En esta ocasión es el propio Jesucristo el que se apresura a aclarar que ha sido el Padre, que está en el Cielo, quien ha revelado a Pedro que Él es “el Mesías, el Hijo de Dios vivo”.
También a nosotros se nos otorga la fe por iniciativa de Dios, es decir, por el Espíritu Santo que se nos ha dado y que habita en cada corazón, mientras no se le eche fuera por el pecado. Esta consideración nos invita a no vanagloriarnos de ninguna virtud o buena obra que podamos hacer, pues todo es gracia, todo es don gratuito concedido por el Espíritu Santo. Pues en cuanto atribuyamos la virtud que podamos poseer o las buenas acciones de que seamos capaces, a nuestra bondad natural, manera de ser o esfuerzo personal, caemos en una postura de soberbia que nos lleva a creer que, en el fondo, somos mejores que los demás. Esta actitud del corazón lleva consigo la huida del Espíritu Santo que es incompatible con la competitividad entre los hermanos, las rivalidades y todos los torcidos sentimientos que se derivan de aspirar a ser el primero, el superior a los otros, tales como la envidia, los celos, el juicio, la adulación, el rencor e incluso el odio. Jesucristo en varias ocasiones corrige a sus discípulos cuando se expresan como las gentes del mundo: “El que quiera ser el primero en el Reino que se haga el servidor de los demás”.
Mucho le cuesta al ser humano comprender que la verdadera grandeza no estriba en el poder que se logra mediante el sometimiento de los demás a la propia voluntad, sino en el ser capaz de amar con más intensidad que los otros. El infinito poder y la auténtica gloria de Dios son producto de su insuperable amor a todo lo creado.

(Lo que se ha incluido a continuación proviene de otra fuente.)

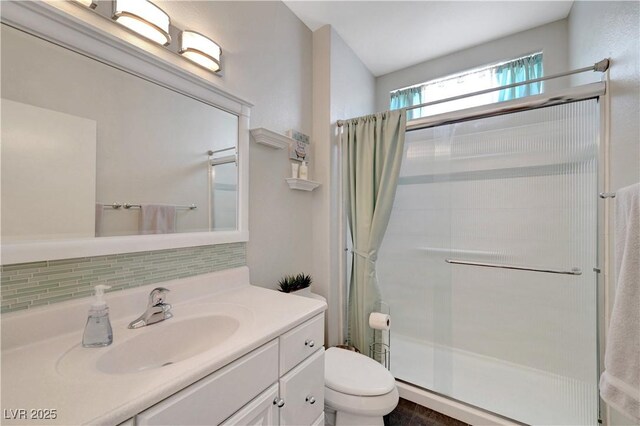 2805 Hanging Rock Dr, Las Vegas, NV 89134 - bathroom with a shower with curtain, toilet, decorative backsplash, and vanity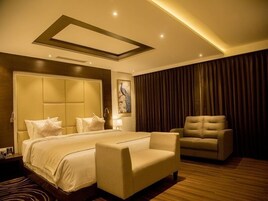 Un dormitorio moderno con una cama grande, un sofá, una silla y un cuadro en la pared.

Por otra parte, la promesa de la victoria final de la Iglesia sobre el Maligno es una consideración que nos debe acompañar siempre, especialmente en los momentos difíciles en los que nos parece inminente el triunfo de las fuerzas del averno. Jesucristo ha ganado para sus seguidores la inmortalidad, la Vida Eterna.